I haven't run them tubeless, but others have. This reminded me to order another one; I always like to keep a spare. You can read my review on Amazon (best price btw).


----------



## harryman

I like these....

Continental Cyclocross SPEED Ride 700c x 42 (38) folding (file tread)


----------



## GRAVELBIKE

Most of my unpaved riding takes place on Compass Stampede Pass (700x32) and Barlow Pass (700x38) tires. Very plush-riding tires that perform well on hard-packed dirt.


----------



## robt57

harryman said:


> I like these....
> 
> Continental Cyclocross SPEED Ride 700c x 42 (38) folding (file tread)



+1, maybe +5 IMO

And in real life mounted are 37.5mm wide. So don't let the 42C scare you off of these. I like them a lot, moved to these from Racing Ralphs and the stability of the bike and confidence pushing the big ring went way up off piste. 34mm to 37.5mm comparatively, feels more like I'm riding a 2.0. 

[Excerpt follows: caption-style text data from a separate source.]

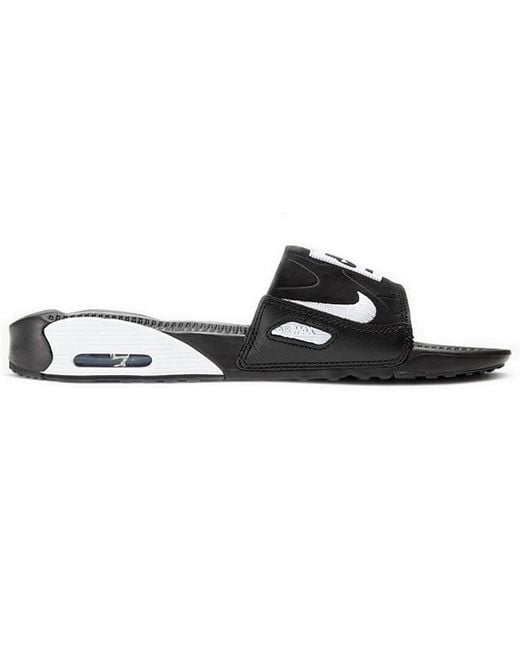 Nike Black (Wmns) Air Max 90 Slide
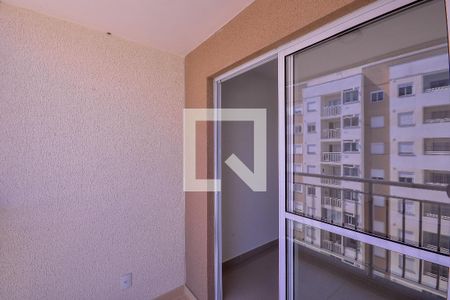 Varanda de apartamento para alugar com 3 quartos, 61m² em Parque Fongaro, São Paulo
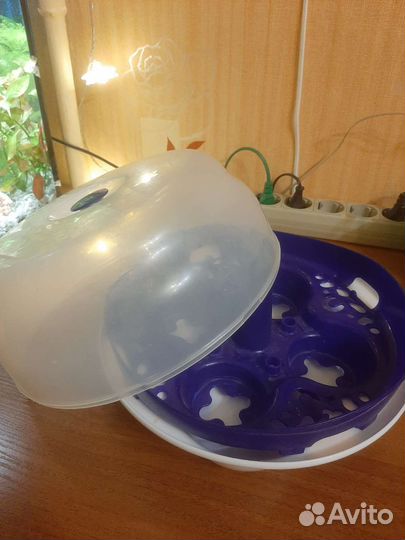 Стерилизатор для бутылочек в свч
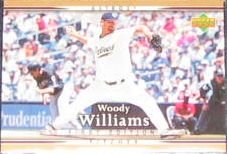 2007 UD First Edition Woody Williams #274 Astros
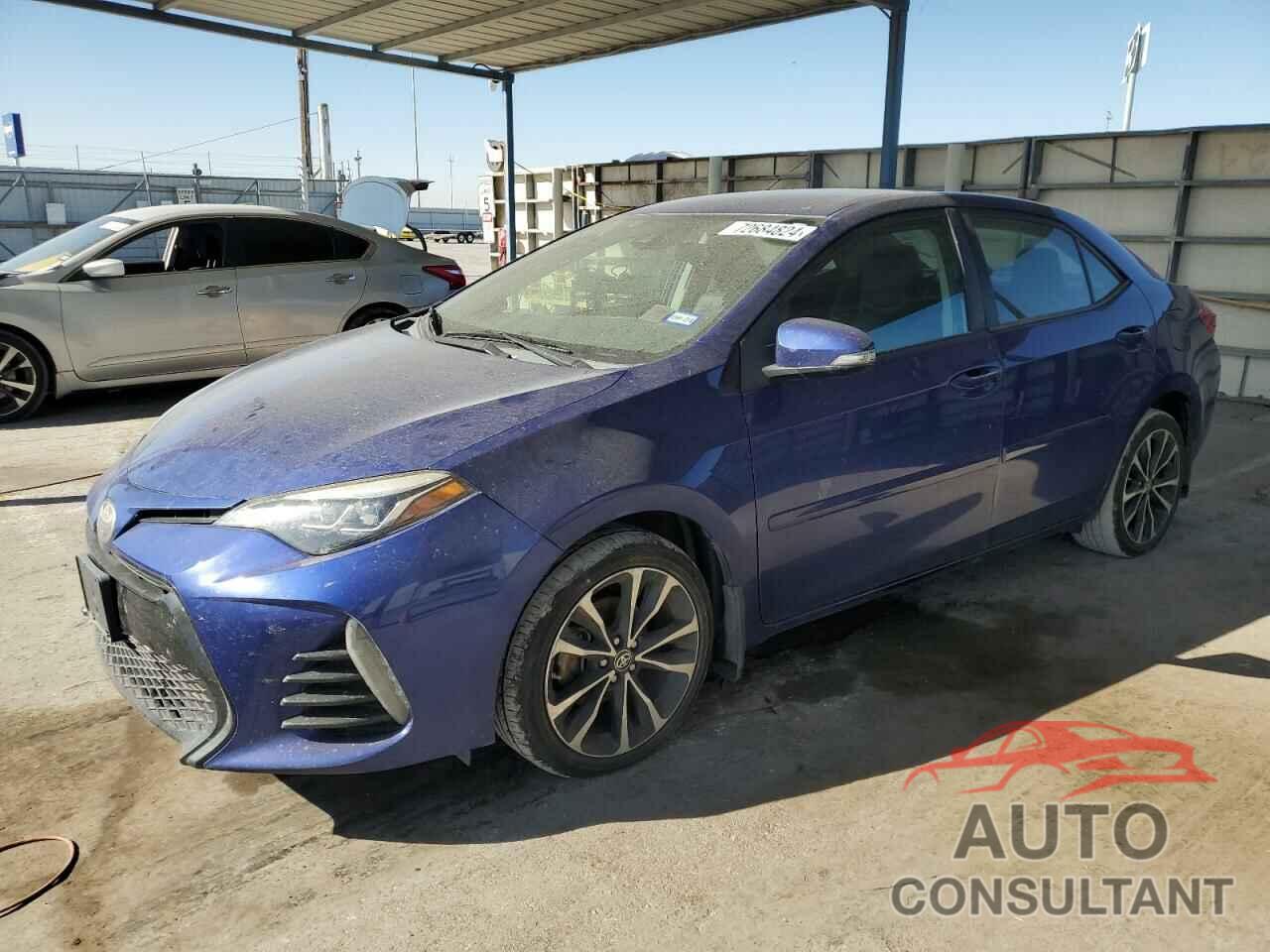 TOYOTA COROLLA 2017 - 2T1BURHE5HC877389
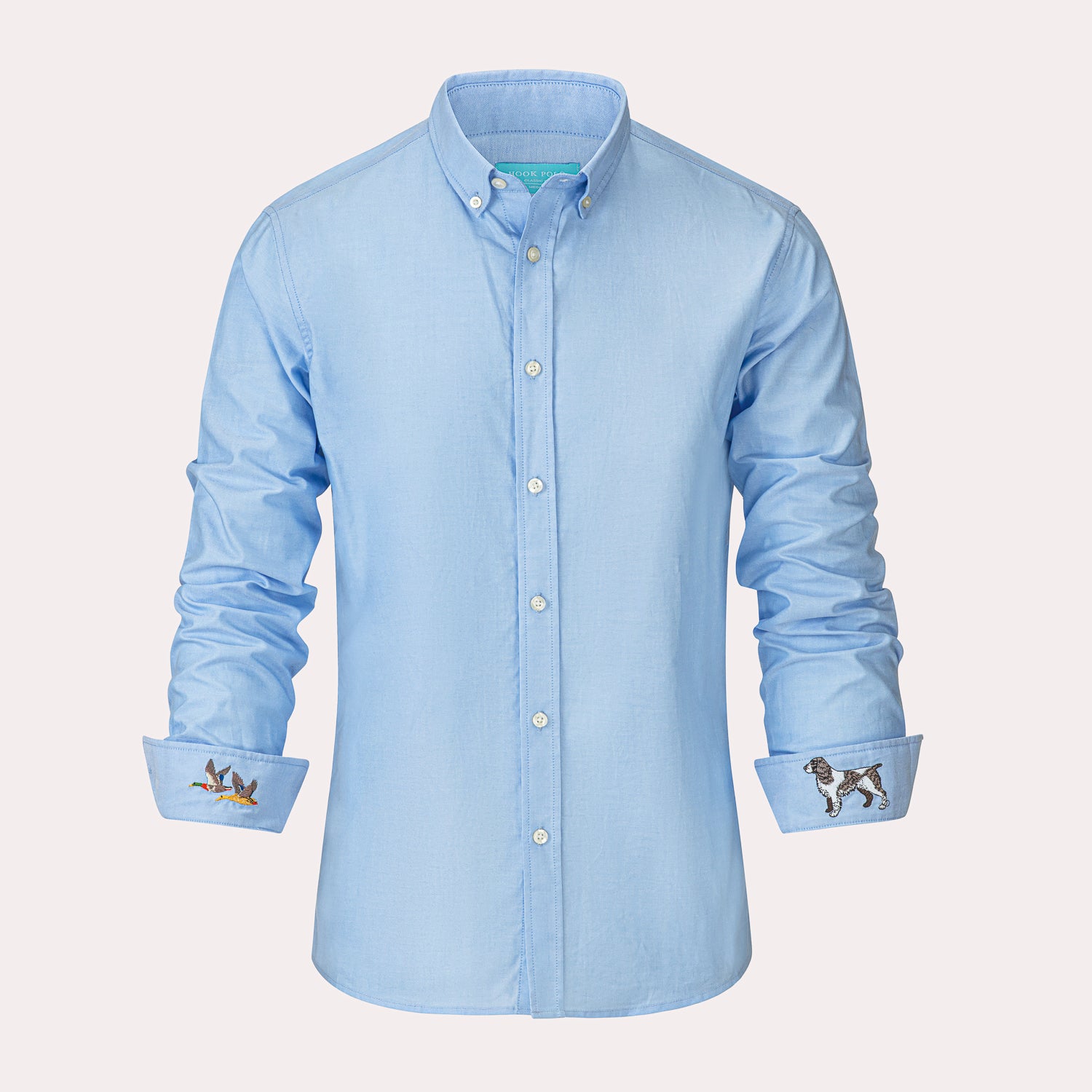 Blue Oxford Shirt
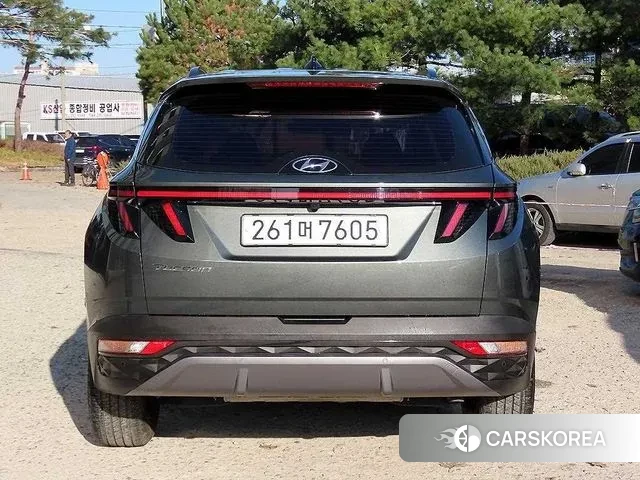 Hyundai Tucson Hybrid (NX4) id 3570687 из Кореи 14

I paid $22.50 each for them also, not bad for a folding Conti I thought.

I would not hesitate to use them for dry not too loose single track either...

EDIT:A friend has the 35mm Speed Rides and they are 1mm smaller [less wide] than my Racing Ralphs mounted for some prospective.


----------



## headloss

what kind of gravel?


----------



## wgscott

oolitic aragonite


----------



## bubba117

headloss said:


> what kind of gravel?


it greatly varies around where I ride, can be hard packed and really fine and fast then make a turn and its heavier gravel that a farmer decided to try and grade and makes it all really loose


----------



## nhluhr

I've racked up maybe 100mi of gravel (out of about 300mi of total distance on a few cross bike rides) over the past month using Bontrager CX0 700x38. They have served me very well for these rides which were mostly steep (10% or greater) gravel roads up to ridgelines, but also some mixed rolling dirt/gravel forest roads. I've been running them at 60psi for faster rolling on the paved sections and yes that makes them bumpy once I'm on the gravel but at the same time, a lot of the riding I've been doing includes some steep downhills on surfaces that would be pinch flat city if not running the higher pressures.


----------



## froze

Panaracer Gravel King but they go only to 32 but they are I think the highest rated for gravel. Panaracer: Professional Bicycle Tires| Road


----------



## Dan Gerous

Right now I'm trying Panaracer GravelKings but the smoother/smaller 700x28 because it's for a mix of dirt and pavement, happy so far but too small for some coarser, looser gravel. I manage on the loose stuff as there is not that much of it around.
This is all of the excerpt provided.